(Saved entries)

########################################

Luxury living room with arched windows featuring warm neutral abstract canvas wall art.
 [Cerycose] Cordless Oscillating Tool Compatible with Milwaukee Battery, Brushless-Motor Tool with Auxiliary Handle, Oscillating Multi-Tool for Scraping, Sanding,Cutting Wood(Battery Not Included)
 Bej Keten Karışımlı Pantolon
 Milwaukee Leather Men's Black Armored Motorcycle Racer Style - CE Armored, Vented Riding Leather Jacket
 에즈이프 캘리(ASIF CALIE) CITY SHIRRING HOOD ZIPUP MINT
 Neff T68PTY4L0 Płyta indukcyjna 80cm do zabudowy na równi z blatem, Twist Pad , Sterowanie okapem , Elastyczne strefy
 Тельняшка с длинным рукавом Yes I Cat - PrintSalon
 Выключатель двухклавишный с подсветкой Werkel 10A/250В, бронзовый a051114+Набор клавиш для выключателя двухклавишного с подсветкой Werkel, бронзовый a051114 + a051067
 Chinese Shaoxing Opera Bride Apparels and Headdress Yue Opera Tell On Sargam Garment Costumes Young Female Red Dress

########################################

**Directions for this task:**
Return word for word the line with "Neff T68PTY4L0 Płyta" and every line after it through the end of the records above.

**Exercise output:**
 Neff T68PTY4L0 Płyta indukcyjna 80cm do zabudowy na równi z blatem, Twist Pad , Sterowanie okapem , Elastyczne strefy
 Тельняшка с длинным рукавом Yes I Cat - PrintSalon
 Выключатель двухклавишный с подсветкой Werkel 10A/250В, бронзовый a051114+Набор клавиш для выключателя двухклавишного с подсветкой Werkel, бронзовый a051114 + a051067
 Chinese Shaoxing Opera Bride Apparels and Headdress Yue Opera Tell On Sargam Garment Costumes Young Female Red Dress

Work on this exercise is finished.